_TO DO_
Please retype all the data below exactly, line for line.
- - - -
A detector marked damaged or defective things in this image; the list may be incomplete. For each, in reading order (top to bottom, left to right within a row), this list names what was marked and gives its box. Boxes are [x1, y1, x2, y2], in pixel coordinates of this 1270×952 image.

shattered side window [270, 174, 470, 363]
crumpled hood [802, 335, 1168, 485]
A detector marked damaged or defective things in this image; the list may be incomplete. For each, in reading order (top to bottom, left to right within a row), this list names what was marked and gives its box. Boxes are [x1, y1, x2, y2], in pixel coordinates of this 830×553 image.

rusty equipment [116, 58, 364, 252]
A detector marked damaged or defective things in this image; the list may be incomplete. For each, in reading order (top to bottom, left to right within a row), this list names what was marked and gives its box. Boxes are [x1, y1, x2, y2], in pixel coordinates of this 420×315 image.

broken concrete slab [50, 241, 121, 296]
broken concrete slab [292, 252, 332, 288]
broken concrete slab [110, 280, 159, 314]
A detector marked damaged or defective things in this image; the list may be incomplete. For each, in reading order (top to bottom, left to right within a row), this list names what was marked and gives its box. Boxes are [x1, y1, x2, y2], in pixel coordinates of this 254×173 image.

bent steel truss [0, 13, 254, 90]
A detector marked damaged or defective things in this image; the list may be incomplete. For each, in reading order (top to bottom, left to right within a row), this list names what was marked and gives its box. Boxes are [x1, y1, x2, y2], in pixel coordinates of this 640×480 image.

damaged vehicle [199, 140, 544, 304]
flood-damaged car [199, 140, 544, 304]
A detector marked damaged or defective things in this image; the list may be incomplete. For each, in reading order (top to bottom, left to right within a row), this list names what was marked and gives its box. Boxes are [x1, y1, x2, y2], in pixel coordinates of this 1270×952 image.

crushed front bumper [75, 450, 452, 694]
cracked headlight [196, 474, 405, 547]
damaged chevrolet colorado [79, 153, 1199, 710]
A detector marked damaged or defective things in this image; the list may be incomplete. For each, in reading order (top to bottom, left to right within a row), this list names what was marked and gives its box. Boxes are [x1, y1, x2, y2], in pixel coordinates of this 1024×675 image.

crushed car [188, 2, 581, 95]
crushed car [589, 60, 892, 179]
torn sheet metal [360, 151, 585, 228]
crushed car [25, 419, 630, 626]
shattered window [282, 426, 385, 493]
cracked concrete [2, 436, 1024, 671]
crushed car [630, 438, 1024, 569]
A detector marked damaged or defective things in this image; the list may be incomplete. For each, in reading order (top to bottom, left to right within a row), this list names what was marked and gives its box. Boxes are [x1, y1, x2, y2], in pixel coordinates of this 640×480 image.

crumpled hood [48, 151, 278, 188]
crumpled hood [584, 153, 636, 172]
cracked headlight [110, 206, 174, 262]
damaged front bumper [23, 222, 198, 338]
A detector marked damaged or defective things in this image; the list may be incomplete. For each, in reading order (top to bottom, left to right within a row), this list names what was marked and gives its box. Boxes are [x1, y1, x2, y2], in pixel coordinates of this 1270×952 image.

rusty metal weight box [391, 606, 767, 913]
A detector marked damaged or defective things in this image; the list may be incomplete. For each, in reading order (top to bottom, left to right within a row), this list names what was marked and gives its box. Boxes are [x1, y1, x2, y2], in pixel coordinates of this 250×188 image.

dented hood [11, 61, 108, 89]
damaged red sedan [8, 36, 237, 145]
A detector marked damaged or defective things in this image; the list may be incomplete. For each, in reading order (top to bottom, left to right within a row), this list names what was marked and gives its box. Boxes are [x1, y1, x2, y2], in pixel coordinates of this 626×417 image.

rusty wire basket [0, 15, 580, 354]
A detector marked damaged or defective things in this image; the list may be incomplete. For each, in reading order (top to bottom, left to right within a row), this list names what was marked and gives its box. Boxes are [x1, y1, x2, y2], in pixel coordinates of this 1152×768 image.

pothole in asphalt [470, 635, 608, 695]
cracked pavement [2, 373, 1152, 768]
- - - -
_FINISHED TASK_
A detector marked damaged or defective things in this image; the list may be incomplete. For each, in reading order (top to bottom, left to right within a row), this list names what was marked and gives its box. Boxes are [x1, y1, x2, y2], in pixel coordinates of this 1270×952 image.

shattered side window [270, 174, 470, 363]
crumpled hood [802, 335, 1168, 485]
A detector marked damaged or defective things in this image; the list may be incomplete. For each, in reading order (top to bottom, left to right within a row), this list names what was marked and gives its box. Boxes are [x1, y1, x2, y2], in pixel coordinates of this 830×553 image.

rusty equipment [116, 58, 364, 252]
A detector marked damaged or defective things in this image; the list may be incomplete. For each, in reading order (top to bottom, left to right within a row), this list names what was marked and gives its box. Boxes are [x1, y1, x2, y2], in pixel coordinates of this 420×315 image.

broken concrete slab [50, 241, 121, 296]
broken concrete slab [292, 252, 332, 288]
broken concrete slab [110, 280, 159, 314]
A detector marked damaged or defective things in this image; the list may be incomplete. For each, in reading order (top to bottom, left to right within a row), this list names what was marked and gives its box. Boxes are [x1, y1, x2, y2], in pixel coordinates of this 254×173 image.

bent steel truss [0, 13, 254, 90]
A detector marked damaged or defective things in this image; the list may be incomplete. For each, in reading order (top to bottom, left to right within a row), this list names what was marked and gives its box. Boxes are [x1, y1, x2, y2], in pixel coordinates of this 640×480 image.

damaged vehicle [199, 140, 544, 304]
flood-damaged car [199, 140, 544, 304]
A detector marked damaged or defective things in this image; the list may be incomplete. For each, in reading order (top to bottom, left to right within a row), this list names what was marked and gives its box. Boxes are [x1, y1, x2, y2], in pixel coordinates of this 1270×952 image.

crushed front bumper [75, 450, 452, 694]
cracked headlight [196, 474, 405, 547]
damaged chevrolet colorado [79, 153, 1199, 710]
A detector marked damaged or defective things in this image; the list may be incomplete. For each, in reading order (top to bottom, left to right within a row), this list names what was marked and gives its box. Boxes are [x1, y1, x2, y2], in pixel coordinates of this 1024×675 image.

crushed car [188, 2, 581, 95]
crushed car [589, 60, 892, 179]
torn sheet metal [360, 151, 585, 228]
crushed car [25, 419, 630, 626]
shattered window [282, 426, 385, 493]
cracked concrete [2, 436, 1024, 671]
crushed car [630, 438, 1024, 569]
A detector marked damaged or defective things in this image; the list may be incomplete. For each, in reading order (top to bottom, left to right within a row), this list names what was marked and gives its box. Boxes are [x1, y1, x2, y2], in pixel coordinates of this 640×480 image.

crumpled hood [48, 151, 278, 188]
crumpled hood [584, 153, 636, 172]
cracked headlight [110, 206, 174, 262]
damaged front bumper [23, 222, 198, 338]
A detector marked damaged or defective things in this image; the list may be incomplete. For each, in reading order (top to bottom, left to right within a row), this list names what was marked and gives its box. Boxes are [x1, y1, x2, y2], in pixel coordinates of this 1270×952 image.

rusty metal weight box [391, 606, 767, 913]
A detector marked damaged or defective things in this image; the list may be incomplete. For each, in reading order (top to bottom, left to right within a row), this list names what was marked and gives its box. Boxes are [x1, y1, x2, y2], in pixel coordinates of this 250×188 image.

dented hood [11, 61, 108, 89]
damaged red sedan [8, 36, 237, 145]
A detector marked damaged or defective things in this image; the list may be incomplete. For each, in reading order (top to bottom, left to right within a row), this list names what was marked and gives its box. Boxes are [x1, y1, x2, y2], in pixel coordinates of this 626×417 image.

rusty wire basket [0, 15, 580, 354]
A detector marked damaged or defective things in this image; the list may be incomplete. For each, in reading order (top to bottom, left to right within a row), this list names what was marked and gives its box. Boxes are [x1, y1, x2, y2], in pixel coordinates of this 1152×768 image.

pothole in asphalt [470, 635, 608, 695]
cracked pavement [2, 373, 1152, 768]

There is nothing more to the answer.